### Recorded data ###
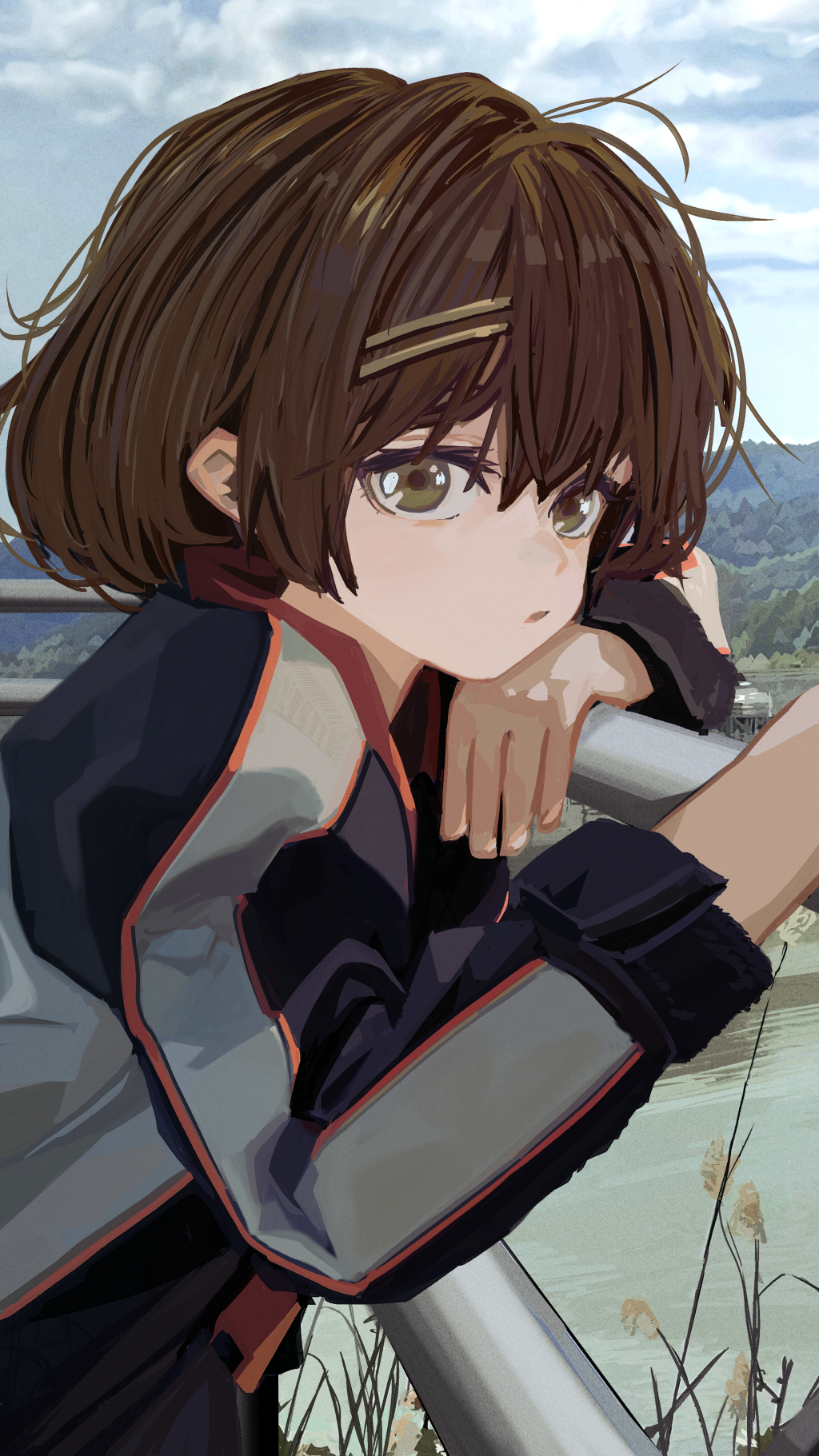 1girl against_railing black_jacket bob_cut brown_eyes brown_hair casual close-up closed_mouth clouds cloudy_sky commentary dot_mouth elbow_rest eyelashes forest from_side grass grey_jacket grey_sky hair_ornament hairclip hand_on_railing head_on_arm head_rest highres jacket looking_at_viewer looking_to_the_side loose_hair_strand messy_hair multicolored_clothes multicolored_jacket nature orange_jacket original outdoors railing river russian_commentary scenery servachok short_hair sky solo tanya_(servachok) upper_body very_long_sleeves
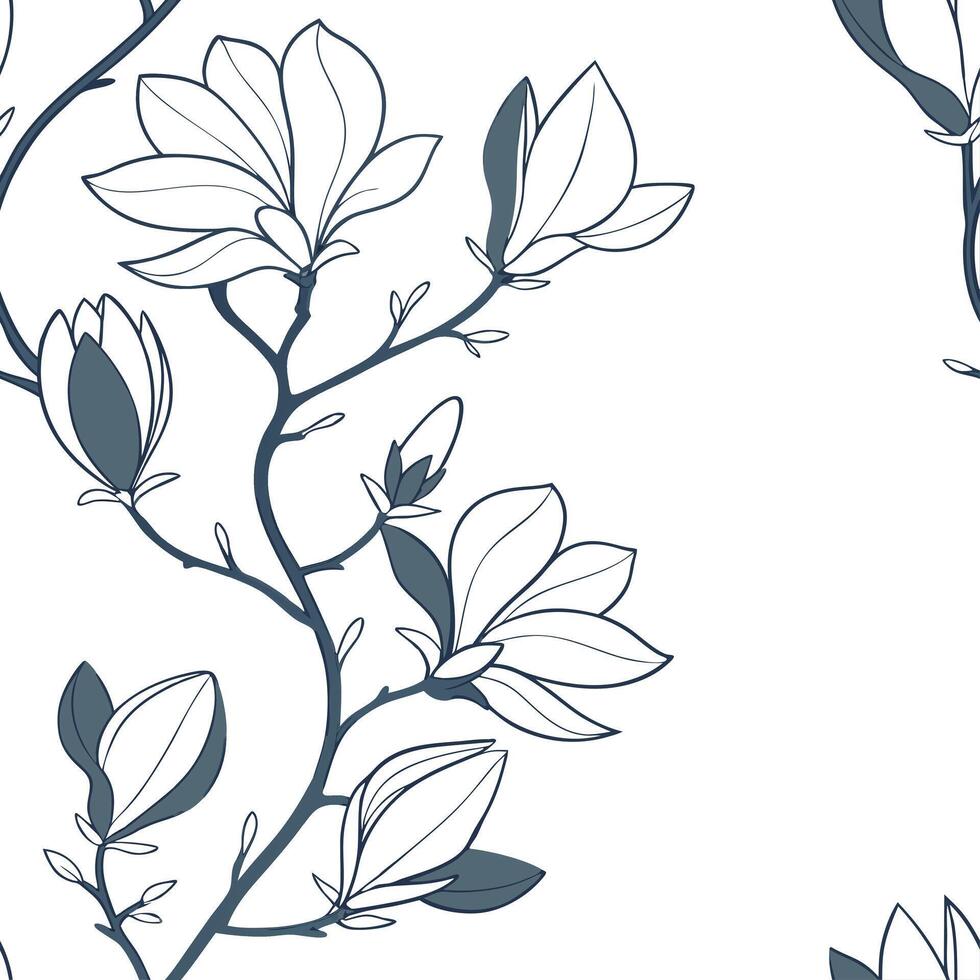 Botanical garden magnolia seamless tiles pattern with various magnolia species in natural pinks on white background perfect for serene spaces Set 10 vector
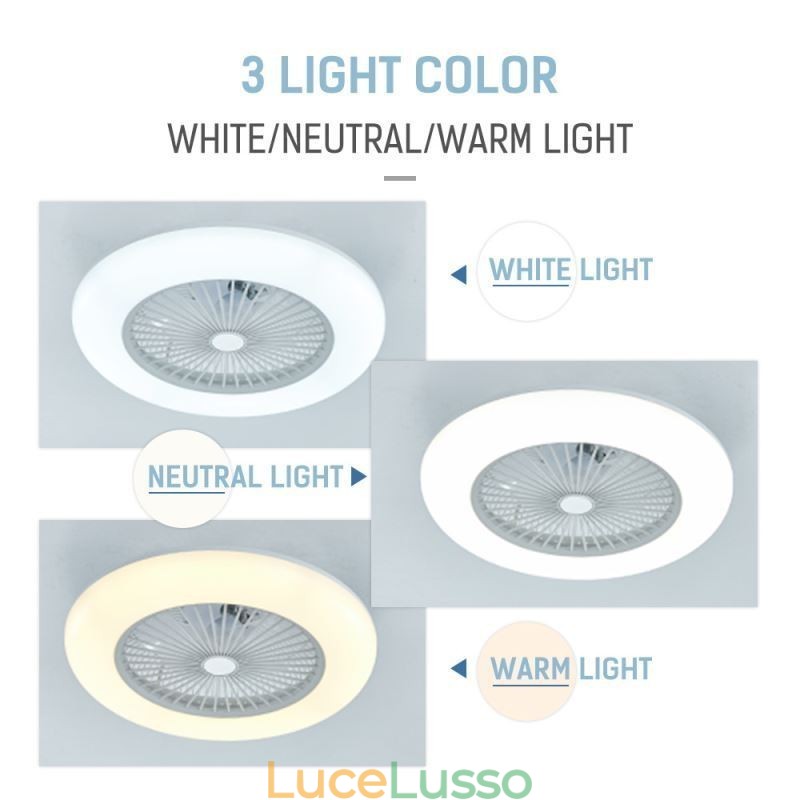 Ventilatore da soffitto con luce tricromatica dimmerabile con telecomando a 3 velocità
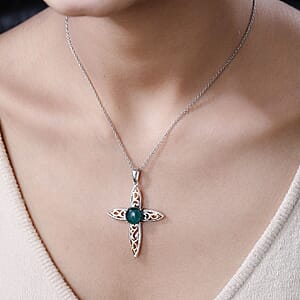 Karis African Malachite Pendant Necklace (20 Inches) in 18K YG Plated, Platinum Bond and Stainless Steel 4.65 ctw , Tarnish-Free, Waterproof, Sweat Proof Jewelry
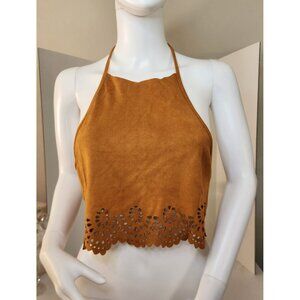 Shein Laser-Cut Halter Crop Top With Adjustable Tie Back Size L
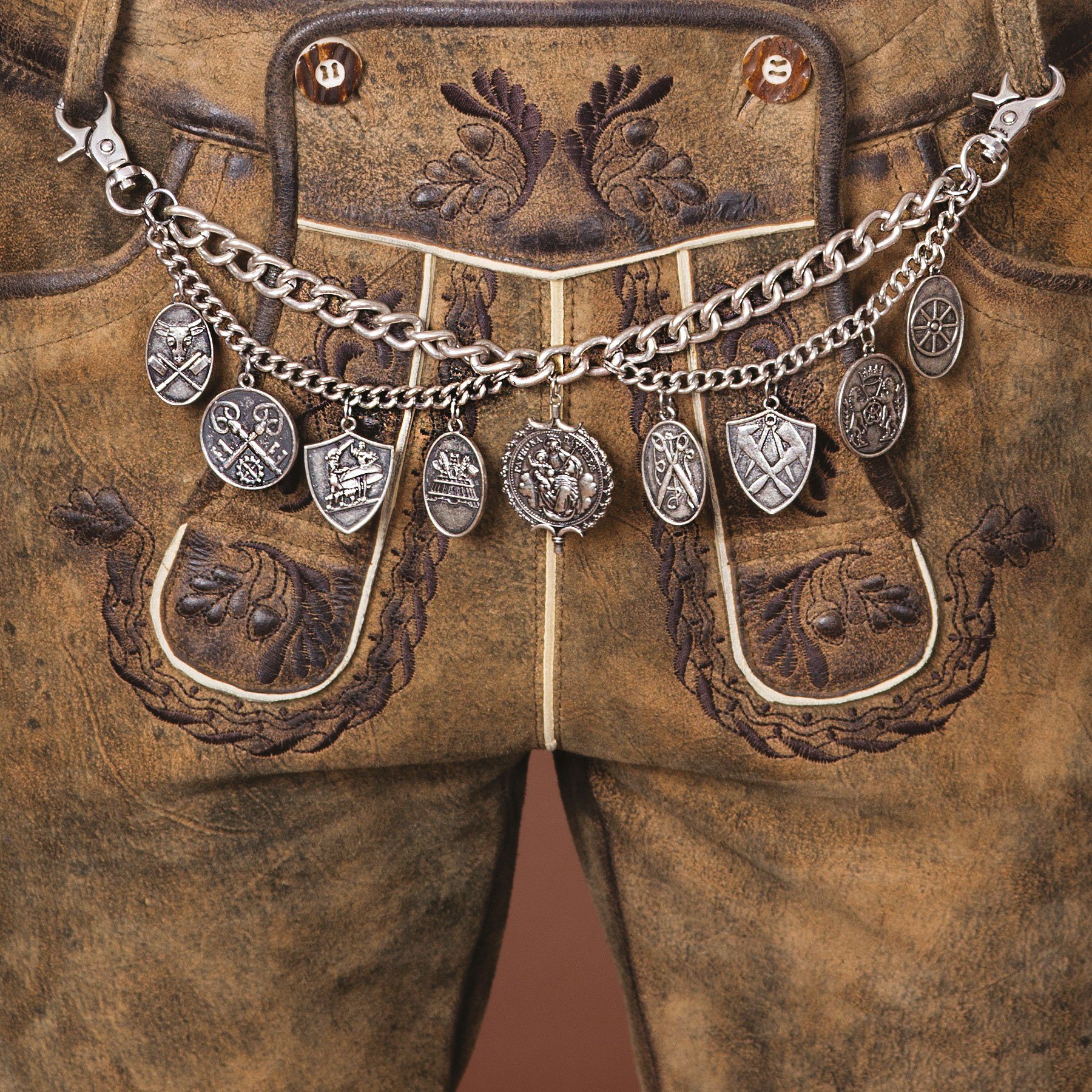 Kette Münzen Charivari Trachtenlederhose Moschen-Bayern Anhänger Charivari Lederhosen Herren Trachten Schmuck Bayern Jagd Accessoires Silber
###
In the records above, locate the line with "Karis African Malachite"; output it and each line after it through the last one, exactly, omitting pictures.

 Karis African Malachite Pendant Necklace (20 Inches) in 18K YG Plated, Platinum Bond and Stainless Steel 4.65 ctw , Tarnish-Free, Waterproof, Sweat Proof Jewelry
 Shein Laser-Cut Halter Crop Top With Adjustable Tie Back Size L
 Kette Münzen Charivari Trachtenlederhose Moschen-Bayern Anhänger Charivari Lederhosen Herren Trachten Schmuck Bayern Jagd Accessoires Silber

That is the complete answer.